All dies trifft für die Örtlichkeit zu, an der E. tödlich verunglückt ist. Allein der Umstand, daß die Rechtsabbiegerspur vom K Ring zur E Straße von der zur S-straße führenden Fahrbahn durch eine mit Vorfahrtsschild versehene kleine Verkehrsinsel getrennt ist, rechtfertigt es nicht, sie als außerhalb der Kreuzungsanlage liegende, selbständige Straßeneinmündung in die E Straße anzusehen, wie dies umgekehrt auch bei der Einführung der E Straße in die S-straße nicht zu vertreten wäre. Ob E. den Unfall an einer Stelle erlitten hat, die er auch auf dem üblichen Heimweg hätte befahren müssen, oder ob er 10 bis 12 m davon entfernt war, ist in diesem Zusammenhang nicht entscheidend.

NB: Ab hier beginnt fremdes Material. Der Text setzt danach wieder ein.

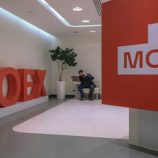 بورصة موسكو تصعد متجاهلة تهديدات العقوبات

Maßgeblich ist vielmehr allein, daß der Unfall in einer Kreuzungsanlage des öffentlichen Verkehrsraumes geschehen ist, wo E. wieder Versicherungsschutz hatte.

Gegen den vom LSG berichtigten Urteilstenor des SG (§ 138 SGG) bestehen keine Bedenken (BSG Urteil vom 14. Februar 1978 - 7/12 RAr 73/76 - mwN).

Die Kostenentscheidung beruht auf § 193 SGG.